Posted by Dawid Weiss <da...@gmail.com>.

Thanks for the follow-up guys. I'll comment on the issue.
Dawid

On Tue, May 23, 2017 at 4:03 PM, jim ferenczi <ji...@gmail.com> wrote:
> Nice, thanks David !
>
> Dawid, I opened https://issues.apache.org/jira/browse/LUCENE-7848
> Though when I try to replicate I have the following output:
> Term => pos
> AAA,BBB  => 1
> AAA => 1
> BBB => 2
> CCC => 3
> DDD => 5
>
> Can you comment on the issue with the options you used in the WDGF ?
>
> 2017-05-23 14:43 GMT+02:00 David Smiley <da...@gmail.com>:
>>
>> Jim,
>> With SpanNearQuery (phrase), gaps need not be simulated with slop; you can
>> get the real thing.  See SpanNearQuery.addGap(int width).  Perhaps you've
>> seen outdated code in places like WeightedSpanTermExtractor that predated
>> the existence of addGap.
>> ~ David
>>
>> On May 23, 2017, at 8:24 AM, jim ferenczi <ji...@gmail.com> wrote:
>>
>> Hi Dawid,
>> This is indeed related to the changes made to QueryBuilder in presence of
>> a graph token stream. We moved to SpanQueries to handle quoted graph token
>> stream in this change:
>> https://issues.apache.org/jira/browse/LUCENE-7699
>> So instead of building all path in the graph we try to build a single
>> optimized span query but gaps are ignored as you noticed in your analysis.
>> We could simulate the gaps with the slop factor of the SpanQueries but it
>> would not be 100% accurate. I think it's a common problem when converting
>> PhraseQuery into SpanQuery.
>> Although I don't understand if it's the WDGF that creates the gap or the
>> flattening filter. In fact I don't understand why there is a gap in your
>> input, is it expected ?
>>
>>
>> 2017-05-23 10:23 GMT+02:00 Dawid Weiss <da...@gmail.com>:
>>>
>>> This seems to be related/broken by LUCENE-7638, which Jim worked on
>>> quite recently, actually.
>>>
>>> https://issues.apache.org/jira/browse/LUCENE-7638
>>>
>>> Dawid
>>>
>>> On Tue, May 23, 2017 at 10:20 AM, Dawid Weiss <da...@gmail.com>
>>> wrote:
>>> > I looked a bit deeper into this and it seems to be a Lucene
>>> > QueryBuilder bug.
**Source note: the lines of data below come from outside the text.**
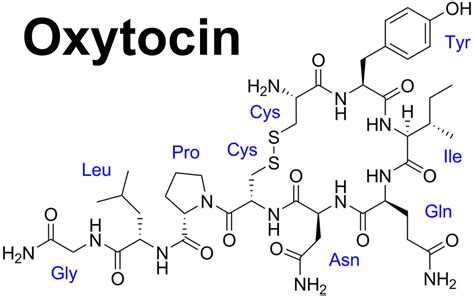 Oxytocin function, production, oxytocin effects and oxytocin side effects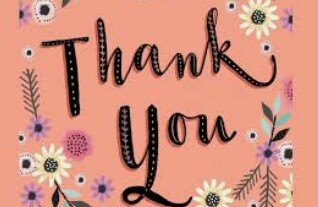 Sprei 160 Vito Motif Animalkingdom/ Doubletree/royalruby/trafficjam/unicorn/yellowduck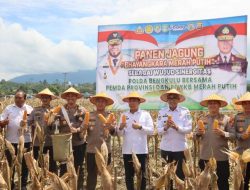 Kapolda Bengkulu Panen Jagung Bhayangkara Merah Putih di Kepahiang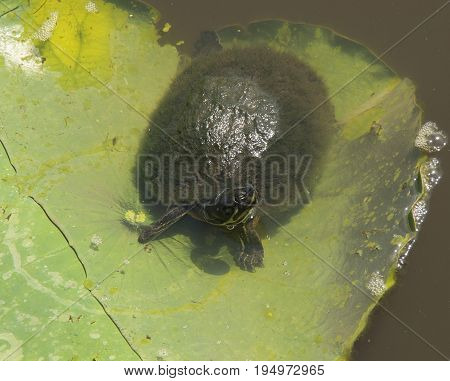 A Water Turtle suns itself on a Lilly Pad in the waters near the North Carolina Estuarium in WashingtonNorth Carolina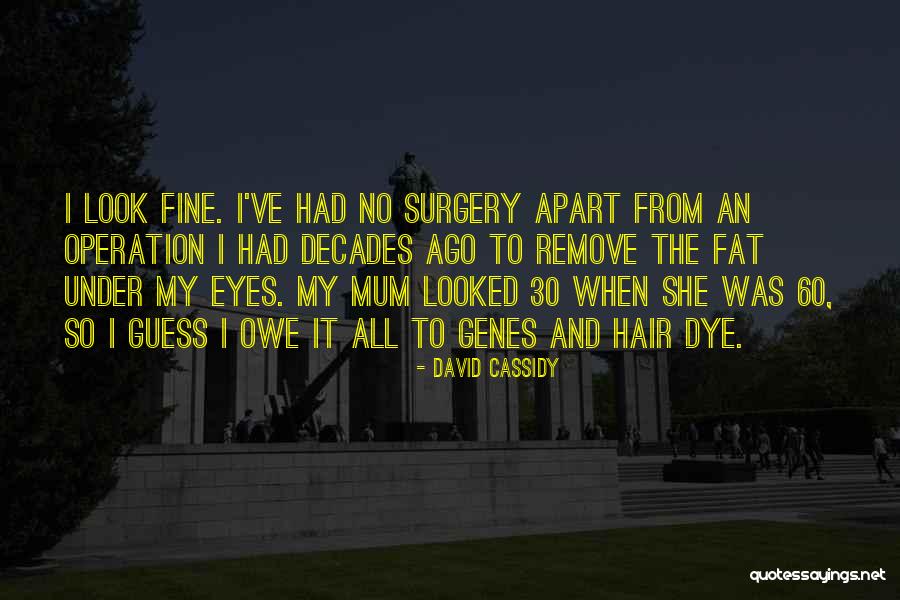 Seasonless Silk Quotes By David Cassidy Seasonless Silk Quotes By David Cassidy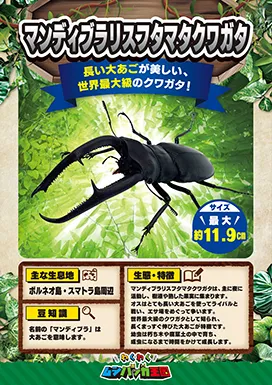マンディブラリスフタマタクワガタの昆虫紹介カード
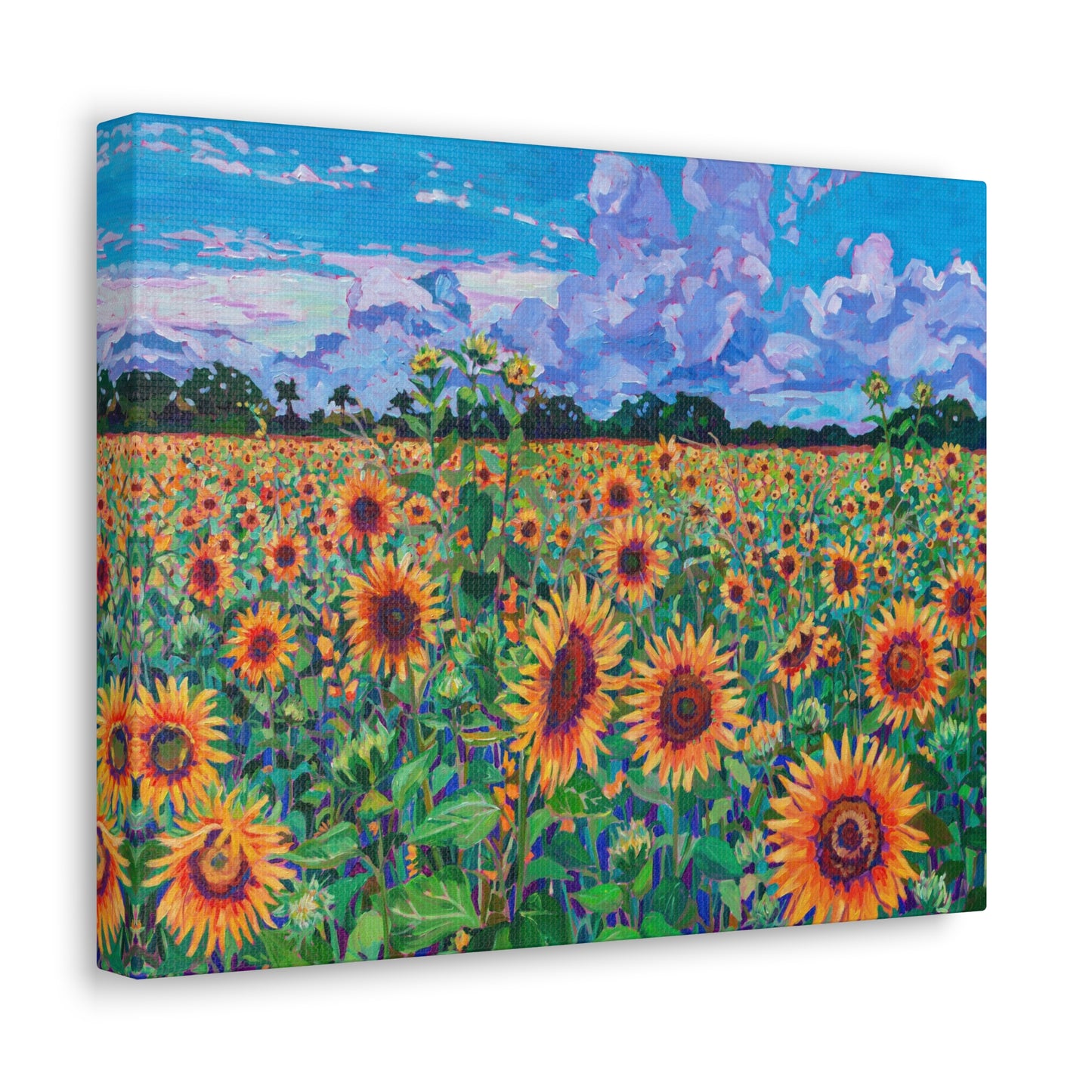 Field of Sunshine— Gallery Wrapped Canvas Reproduction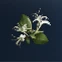 Honeysuckle
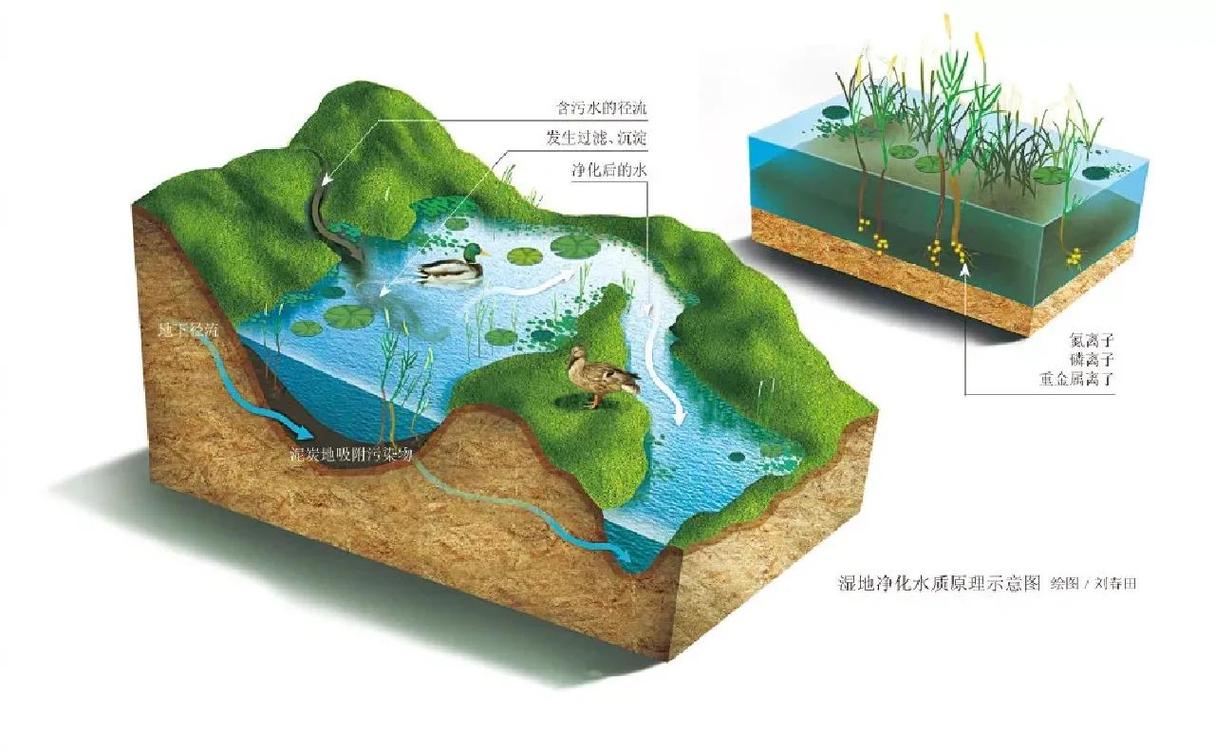 水质净化能力分析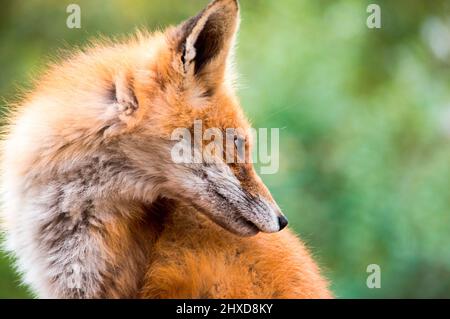 Profil des Fuchskopfes Stockfoto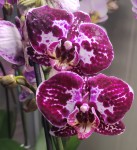 Орхидея Phalaenopsis, multiflora (отцвел, УЦЕНКА)  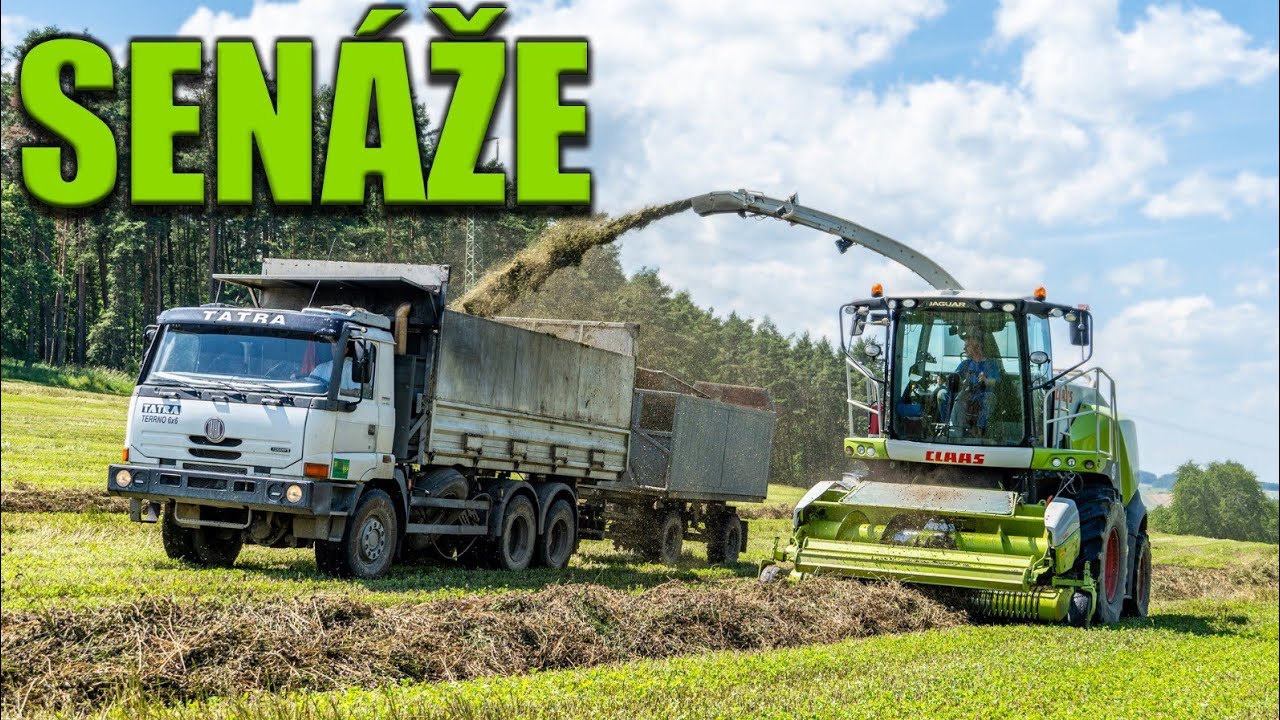 Sklizeň Jetele Claas Jaguar 860 + 3X Tatra Terrno + IFA HW 80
Or me not understanding how graph token streams
>>> > should be handled. The situation is as follows:
>>> >
>>> > 1. Solr calls Lucene's QueryBuilder.createFieldQuery for "AAA,BBB CCC -
>>> > DDD".
>>> > 2. QueryBuilder sees that the query is a graph and that it's quoted,
>>> > so it invokes analyzeGraphPhrase, here:
>>> >
>>> >       } else if (isGraph) {
>>> >         // graph
>>> >         if (quoted) {
>>> >           return analyzeGraphPhrase(stream, field, phraseSlop);
>>> >         } else {
>>> >           return analyzeGraphBoolean(field, stream, operator);
>>> >         }
>>> >
>>> > Note that even though this is a quoted query, it is analyzed and the
>>> > resulting token stream has a "position gap".
>>> >
>>> > 3. analyzeGraphPhrase creates a span query for the side path:
>>> >
>>> > SpanQuery q = createSpanQuery(ts, field);
>>> >
>>> > but createSpanQuery doesn't look at positions at all, it just assumes
>>> > they're contiguous:
>>> >
>>> >       return new SpanNearQuery(terms.toArray(new SpanTermQuery[0]), 0,
>>> > true);
>>> >
>>> > Looks to me like the created span query should try to correctly
>>> > determine the slop factor and not assume a contiguous token sequence?
>>> >
>>> > Dawid
>>> >
>>> > On Mon, May 22, 2017 at 1:03 PM, Dawid Weiss <da...@gmail.com>
>>> > wrote:
>>> >> I have this curious situation which puzzles me. There is a field with
>>> >> WDGF set up (flattening filter at indexing time). The input document
>>> >> has this:
>>> >>
>>> >> AAA,BBB CCC - DDD
>>> >>
>>> >> This is indexed as the following
>>> >>
>>> >> term => pos
>>> >> AAA,BBB  => 1
>>> >> AAA => 1
>>> >> BBB => 2
>>> >> CCC => 3
>>> >> - => 4
>>> >> DDD => 6
>>> >>
>>> >> (note the absence of any term at position '5').
>>> >>
>>> >> The query analyzer for:
>>> >>
>>> >> field:"AAA,BBB CCC - DDD"
>>> >>
>>> >> returns the same token sequence, but the debug query in Solr yields:
>>> >>
>>> >> +SpanNearQuery(
>>> >>   spanNear([
>>> >>     spanOr([
>>> >>       field:AAA,BBB,
>>> >>       spanNear([field:AAA, field:BBB], 0, true)
>>> >>     ]),
>>> >>     funding_program:CCC,
>>> >>     funding_program:-,
>>> >>     funding_program:DDD], 0, true)
>>> >> )
>>> >>
>>> >> which doesn't match the input document (because of skipped position).
>>> >>
>>> >> Anyone has a clue where the problem may originate from?
>>> >>
>>> >> Dawid
>>
>>
>>
>

---------------------------------------------------------------------
To unsubscribe, e-mail: dev-unsubscribe@lucene.apache.org
For additional commands, e-mail: dev-help@lucene.apache.org

Re: Span query positions screwed up in Solr (field with WordDelimiterGraphFilter)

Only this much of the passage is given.